* **Given records**:
++++++++++++++++++++
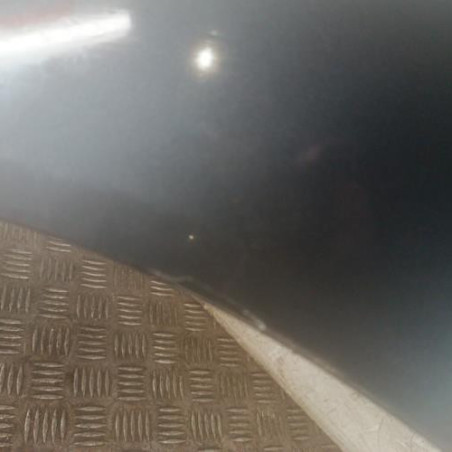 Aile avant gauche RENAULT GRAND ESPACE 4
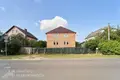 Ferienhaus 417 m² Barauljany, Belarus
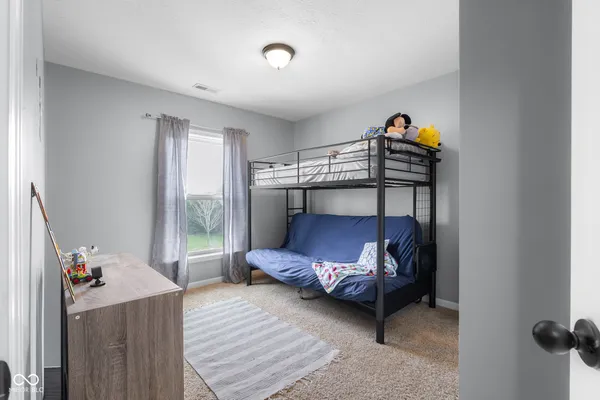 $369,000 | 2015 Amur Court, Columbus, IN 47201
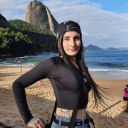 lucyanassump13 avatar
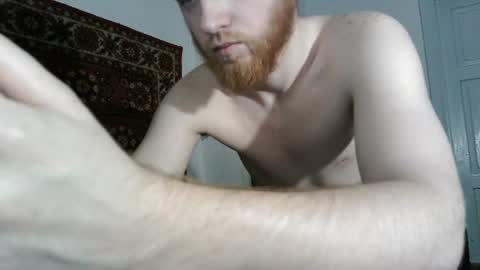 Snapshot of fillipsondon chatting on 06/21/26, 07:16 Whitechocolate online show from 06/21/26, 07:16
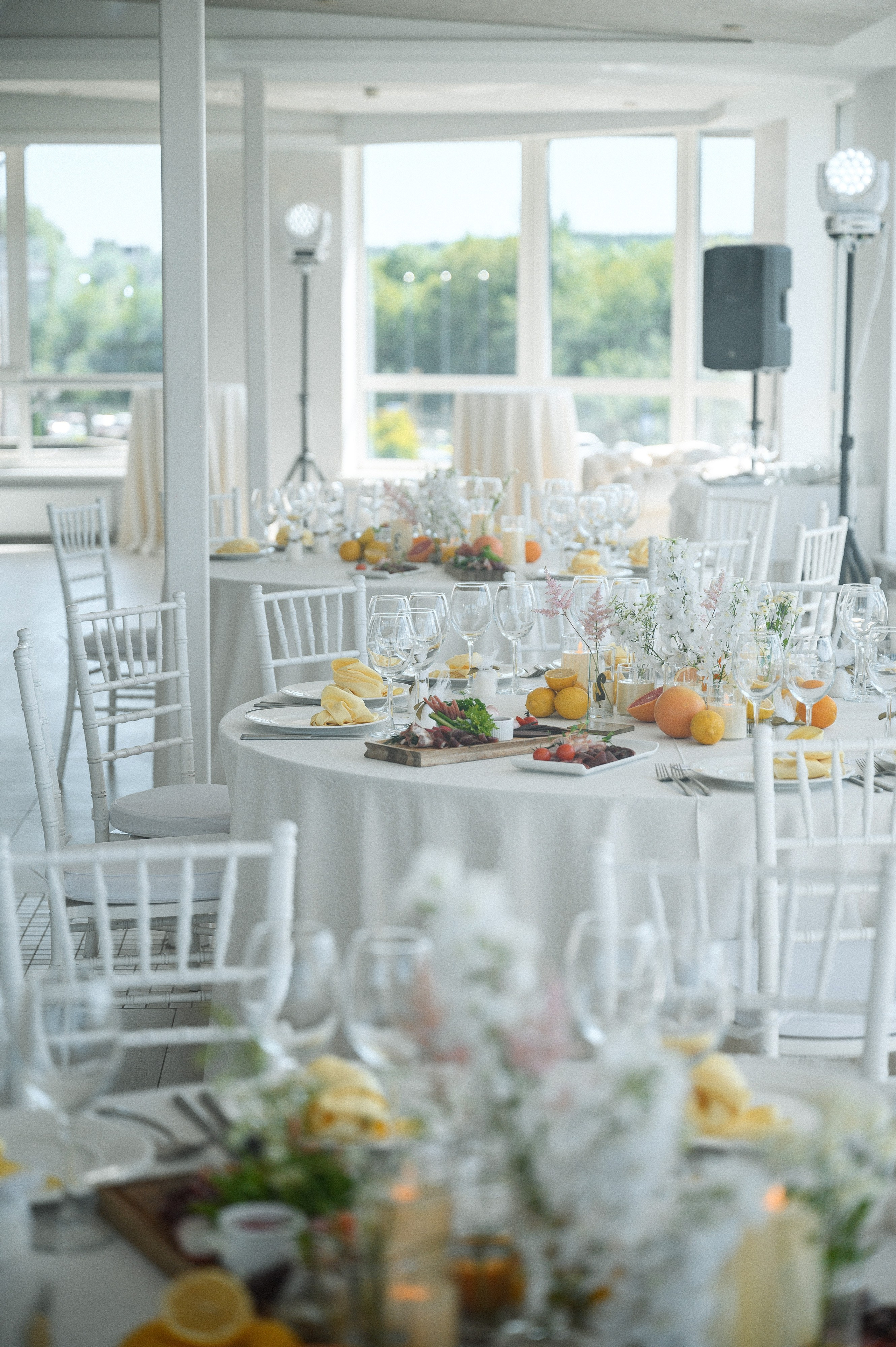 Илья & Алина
++++++++++++++++++++
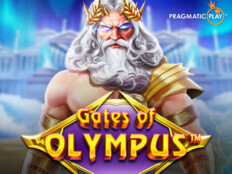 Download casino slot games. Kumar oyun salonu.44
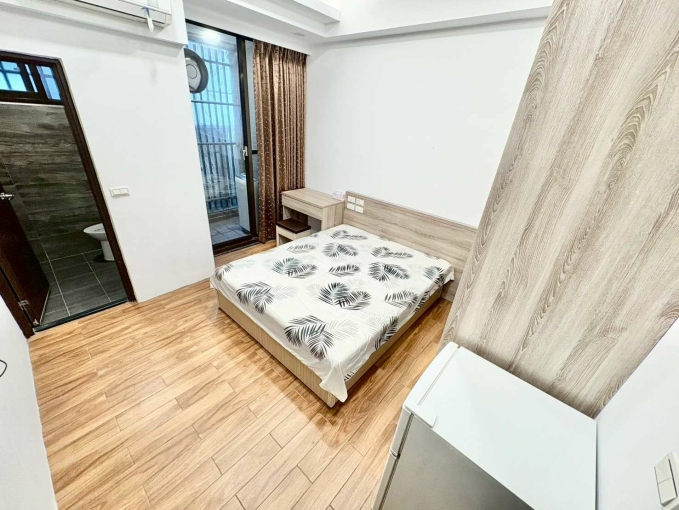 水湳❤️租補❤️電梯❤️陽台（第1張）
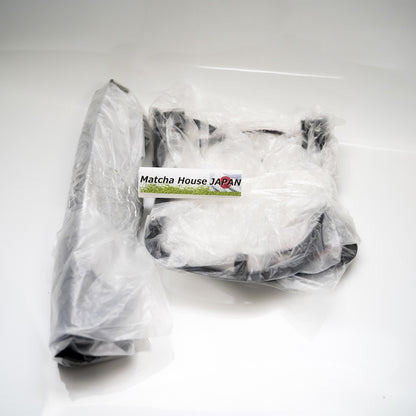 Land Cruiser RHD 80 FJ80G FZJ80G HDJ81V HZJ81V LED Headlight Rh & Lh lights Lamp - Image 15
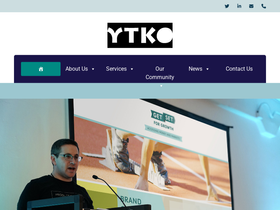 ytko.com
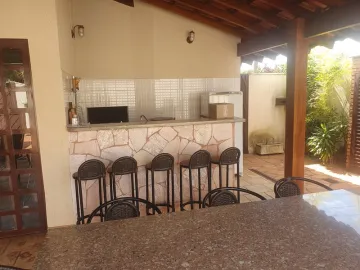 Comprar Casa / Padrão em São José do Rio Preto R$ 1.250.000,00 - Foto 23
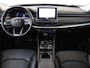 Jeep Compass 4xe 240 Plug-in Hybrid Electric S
++++++++++++++++++++
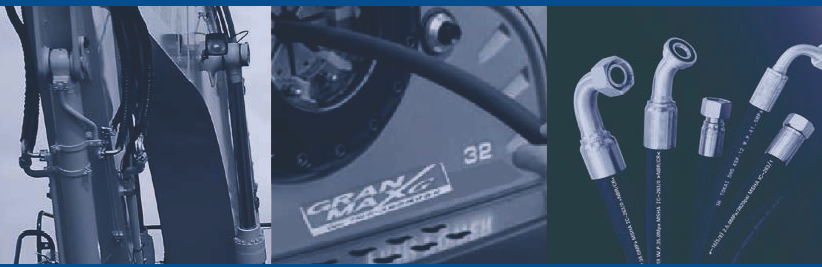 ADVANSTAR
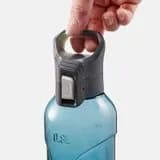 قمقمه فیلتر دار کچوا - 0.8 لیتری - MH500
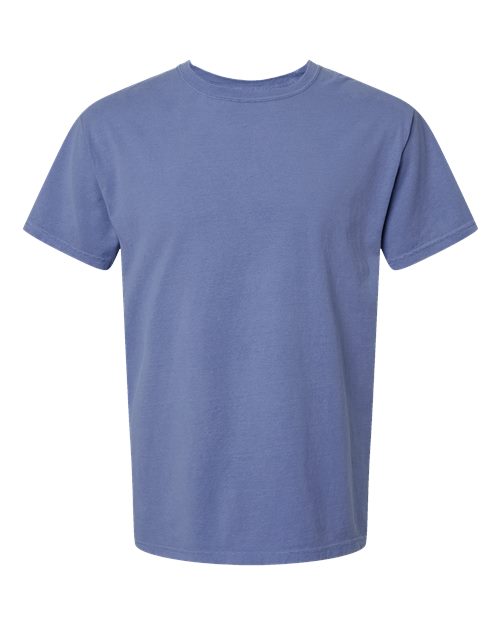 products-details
++++++++++++++++++++
* **Activity**:
Each line above starting at the one holding "Ferienhaus 417 m² Barauljany, Belarus" and ending at the one holding "Илья & Алина" should be set down exactly as it stands, both ends included, with no pictures.

* **Response**:
 Ferienhaus 417 m² Barauljany, Belarus
 $369,000 | 2015 Amur Court, Columbus, IN 47201
 lucyanassump13 avatar
 Snapshot of fillipsondon chatting on 06/21/26, 07:16 Whitechocolate online show from 06/21/26, 07:16
 Илья & Алина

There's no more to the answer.